The batting order has changed, too. Just ask Petri, who now bats cleanup.
The biggest transformation, however, has been the way the Panthers (7-1 overall, 4-0 Suburban One National) have come out to start the season - sitting atop the conference, undefeated in league play.
It is a dramatic change that starts with the way Tennent is playing defense.
"The biggest difference from years past is that we have defended," Keeny said, matter-of-factly.
"We are committing to playing defense, wanting to play defense, and more importantly, we aren't trying to do things that we aren't capable of doing. We are trying to minimize and not compound those mistakes defensively."

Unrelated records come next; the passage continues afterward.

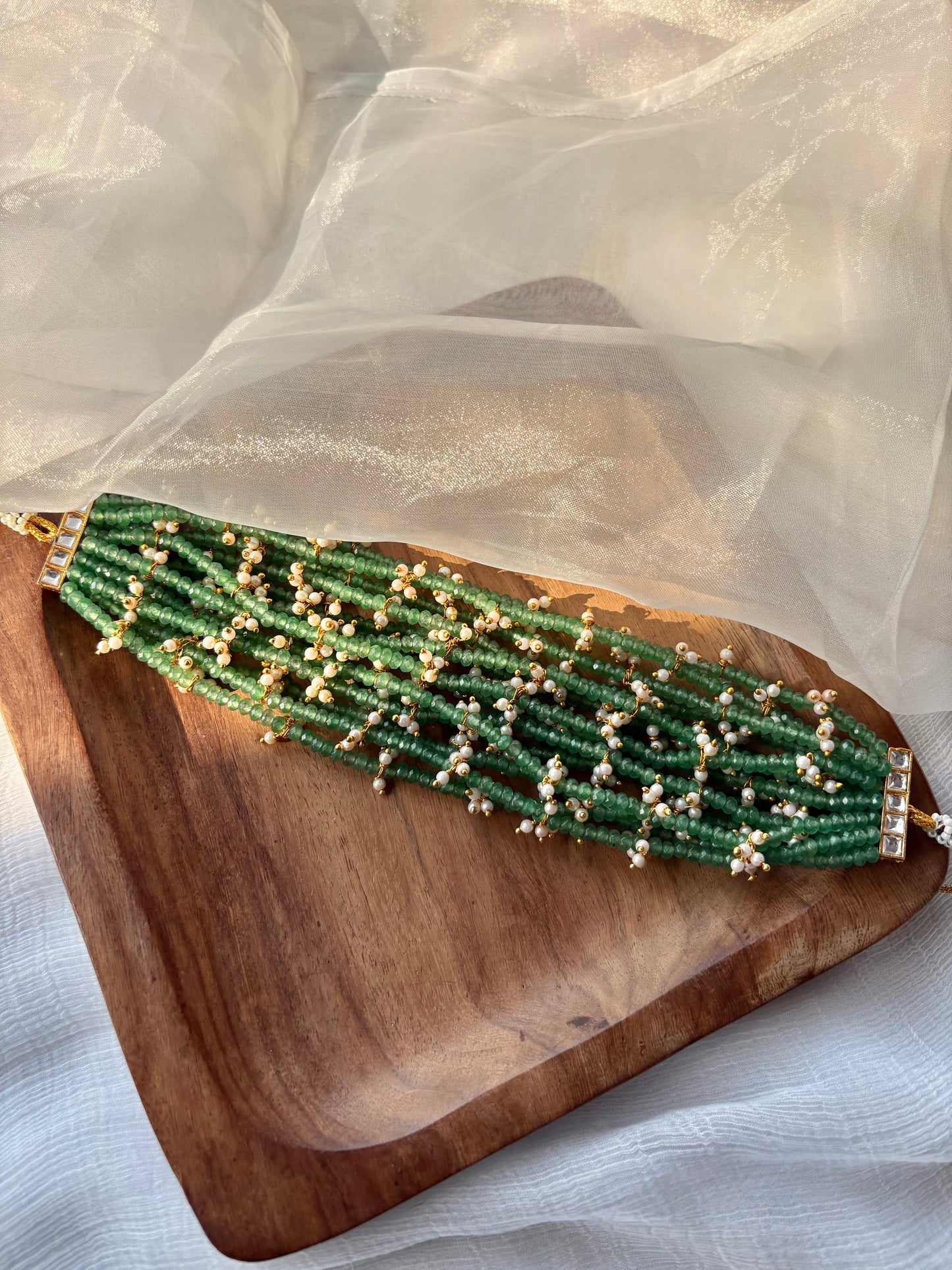 Manjari Choker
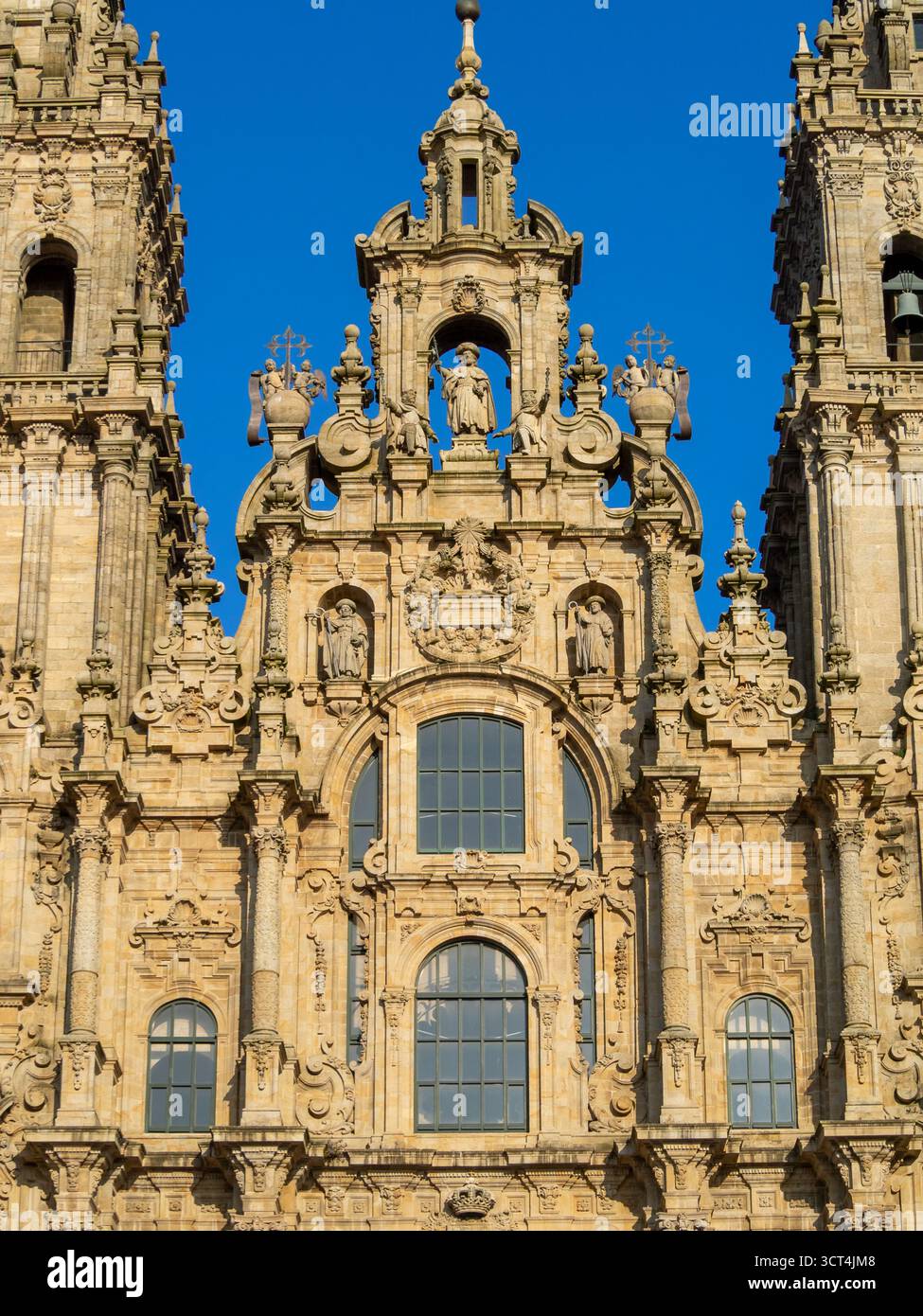 Détail de la façade de l'Obradoiro de la cathédrale Saint-Jacques-de-Compostelle avec Saint Jacques et ses disciples Athanase et Théodore statues au sommet Banque D'Images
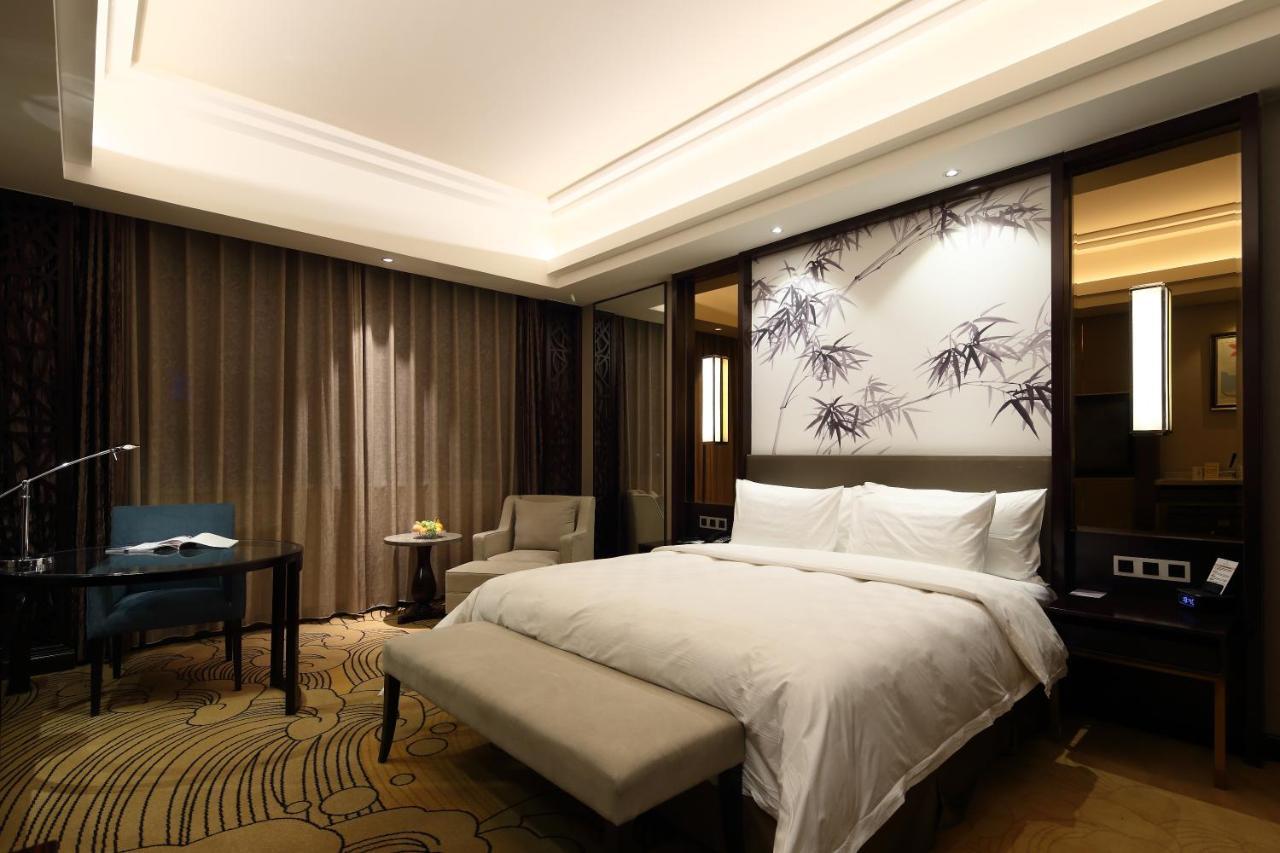 Jinan Luxury Blue Horizon Hotel Экстерьер фото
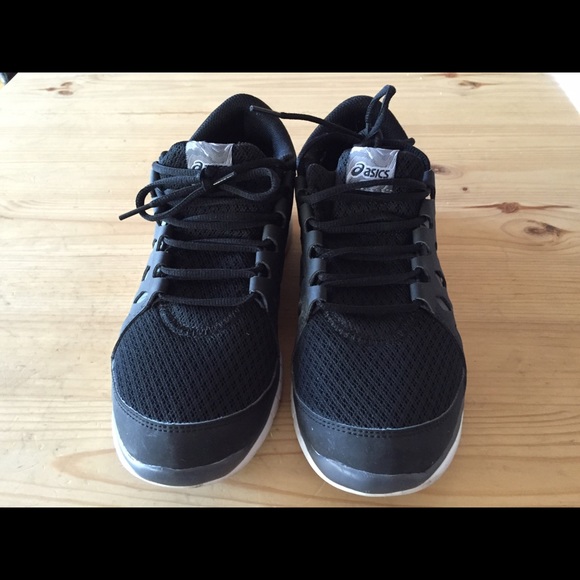 Running shoes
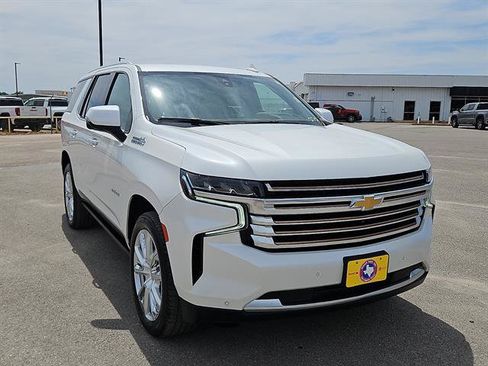Used 2022 Chevrolet Tahoe High Country AWD/4WD image 6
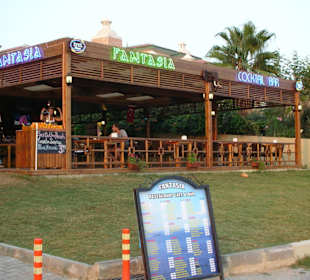 Fantasia Beach Club Bar Restaurant
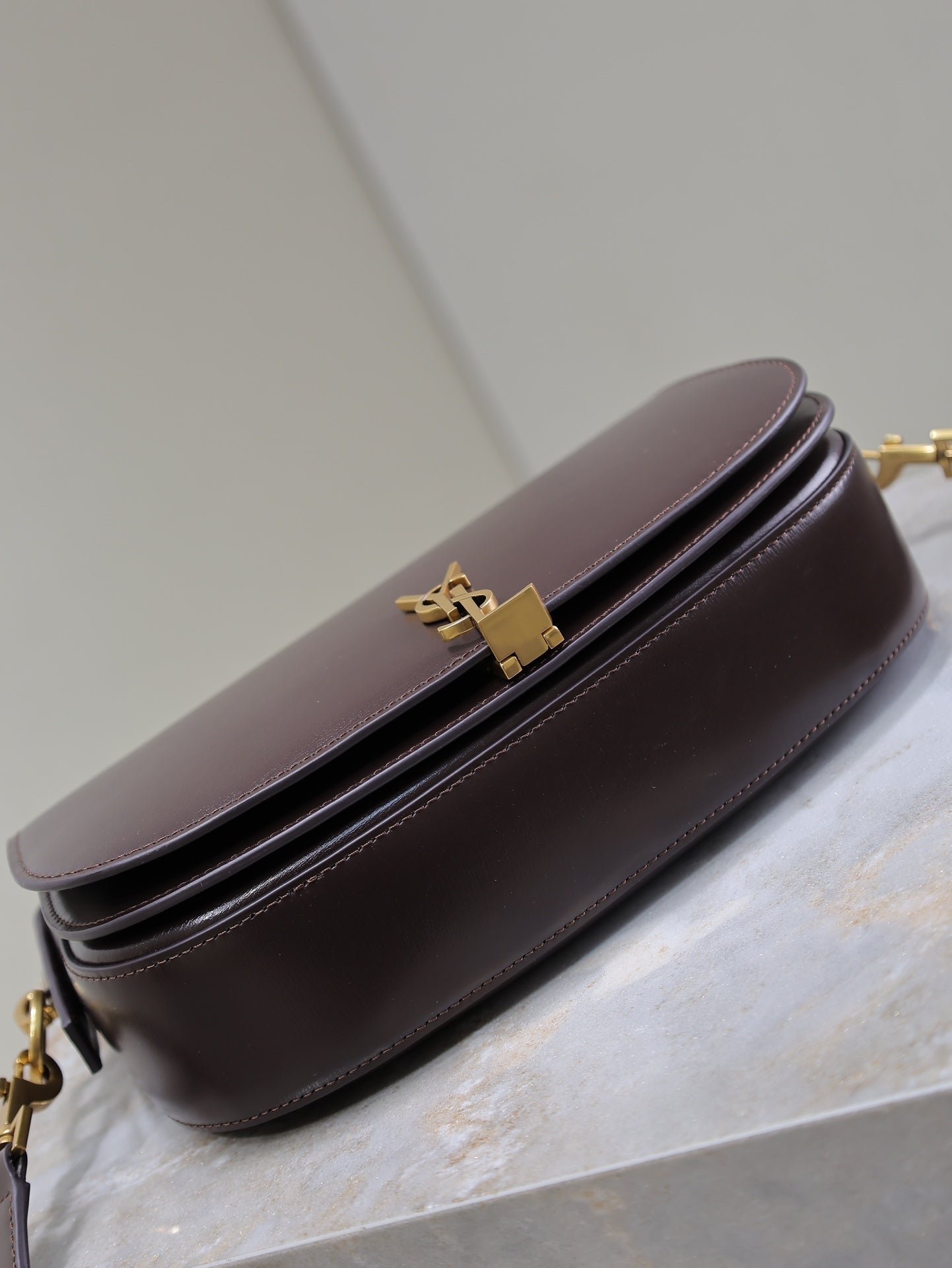 {Style No: QIXM5XW6} VOLTAIRE 24 IN BRUNETTE BROWN CALFSKIN - Image 5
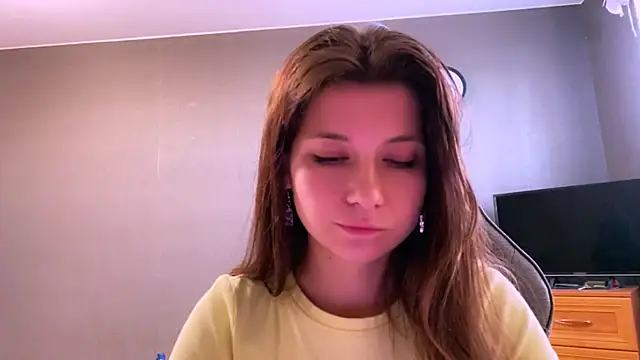 LunnaBliss élő XXX-chatje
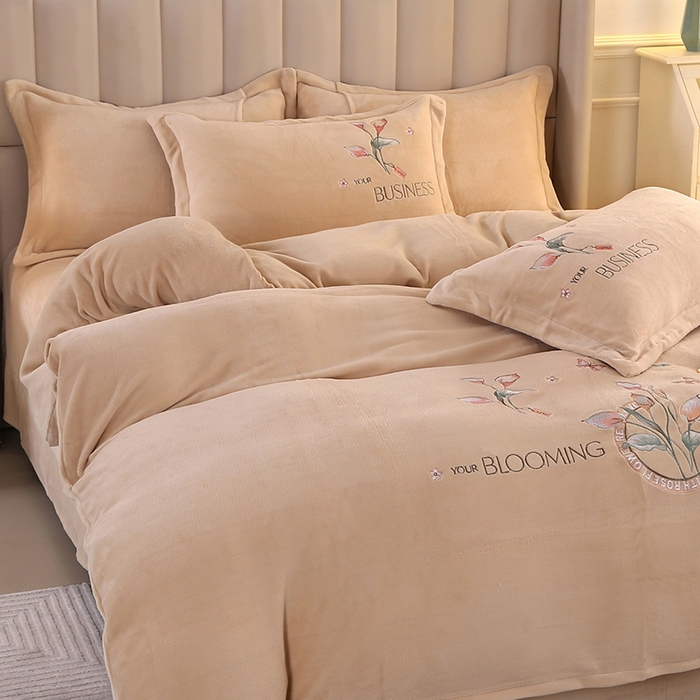 91家纺网 家纺一手货源 找家纺 富之航 2023新款牛奶绒刺绣四件套 莫奈花园-卡其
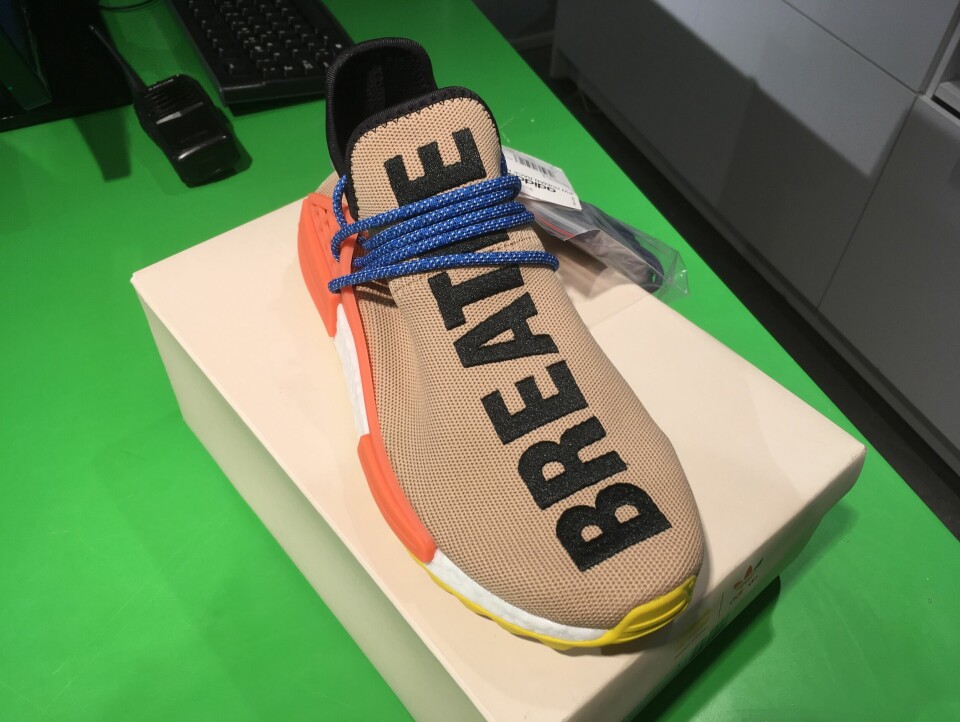 Den beige utgaven er den Pharrell selv bruker mest. Den beige utgaven er den Pharrell selv bruker mest.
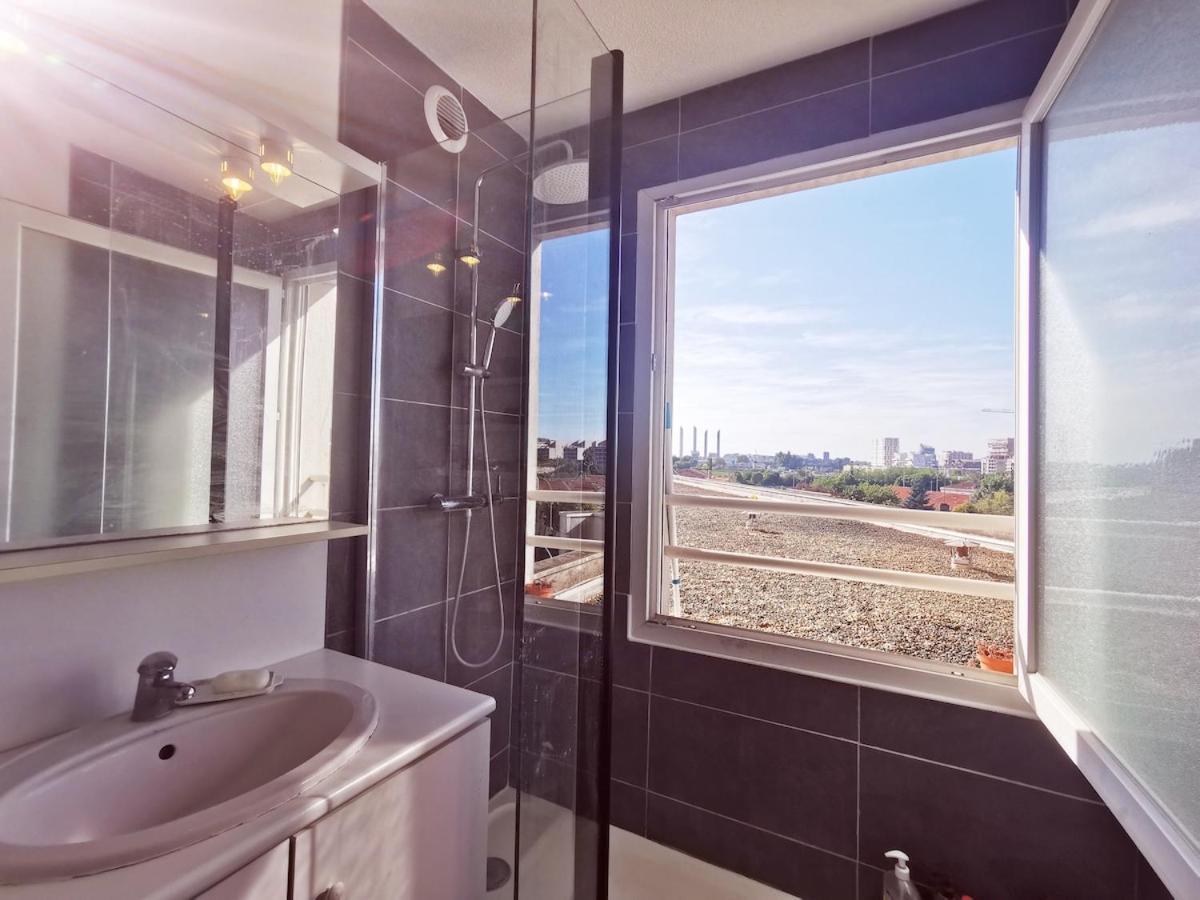 Pleasant Entire In With Parking Appartement *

The solid play in the field has helped the Panthers seniors defeat Neshaminy and Pennsbury, two perennial powerhouses, for the first time in their tenure at Tennent.
"On defense, we are doing a good job of keeping our errors to a minimum," Petri said. "We aren't throwing the ball away too much. We make the catches we need to make and cover the bases we need to cover."
With all the alterations, one thing has remained the same: the stalwart presence of senior Nikki Alden in the pitching circle for the Panthers.
Alden, a St. Joseph's signee, praised the play of junior second baseman Sara Keeny and sophomore shortstop Jackie Heim, and raved about her freshman catcher, Marissa Govan.
Players of that caliber in the infield give Alden a lot of confidence inside the circle. When needed, Alden can mow down opponents, but for the most part, she leaves it to the defense to get the job done.
So far, the strategy has worked.
"This is our year," Alden said. "I think we are finally buying into that."